Use the identity - $ \dfrac{d}{{dx}}\left( {\dfrac{u}{v}} \right) = \dfrac{{v\dfrac{{du}}{{dx}} - u\dfrac{{dv}}{{dx}}}}{{{v^2}}} $
 $ \dfrac{{dy}}{{dx}} = \dfrac{{(1 - \sin x)\dfrac{{d(\cos x)}}{{dx}} - \cos x\dfrac{d}{{dx}}(1 - \sin x)}}{{{{(1 - \sin x)}^2}}} $
Also, place that the derivative of the constant term is always zero
 $ \dfrac{{dy}}{{dx}} = \dfrac{{(1 - \sin x)( - \sin x) - \cos x( - \cos x)}}{{{{(1 - \sin x)}^2}}} $
Simplify the above expression –
 $ \dfrac{{dy}}{{dx}} = \dfrac{{ - \sin x + {{\sin }^2}x + {{\cos }^2}x}}{{{{(1 - \sin x)}^2}}} $
Use the identity $ {\cos ^2}x + {\sin ^2}x = 1 $
 $ \dfrac{{dy}}{{dx}} = \dfrac{{1 - \sin x}}{{{{(1 - \sin x)}^2}}} $
Common factors from the numerator and the denominator cancel each other.

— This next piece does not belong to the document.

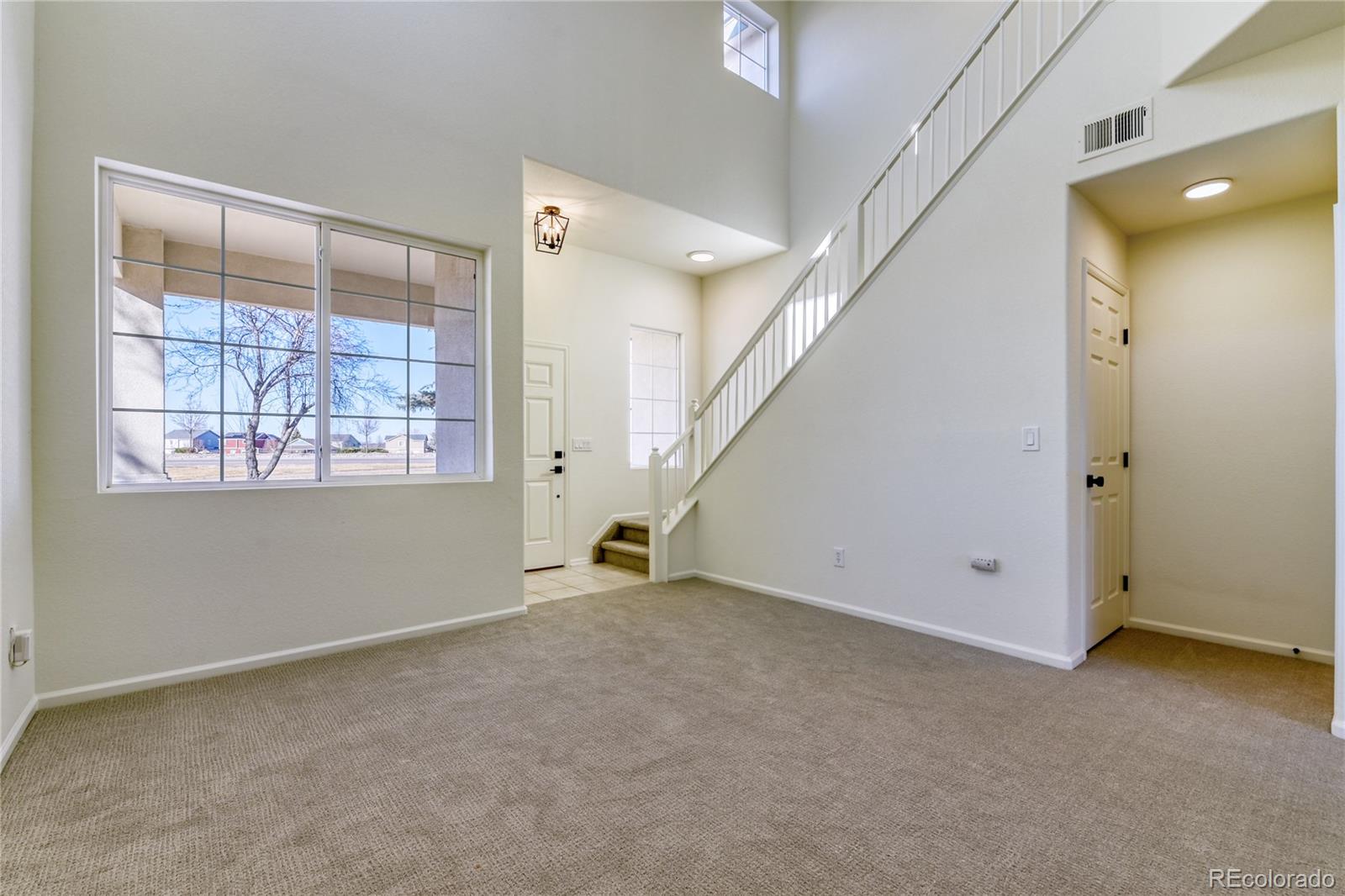 5314 Goldfinch Street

 $ \dfrac{{dy}}{{dx}} = \dfrac{1}{{(1 - \sin x)}} $
This is the required solution.
So, the correct answer is “ $ \dfrac{1}{{(1 - \sin x)}} $ ”.

Note: Know the difference between the differentiation and the integration and apply formula accordingly. Differentiation can be represented as the rate of change of the function, whereas integration represents the sum of the function over the range. They are inverses of each other.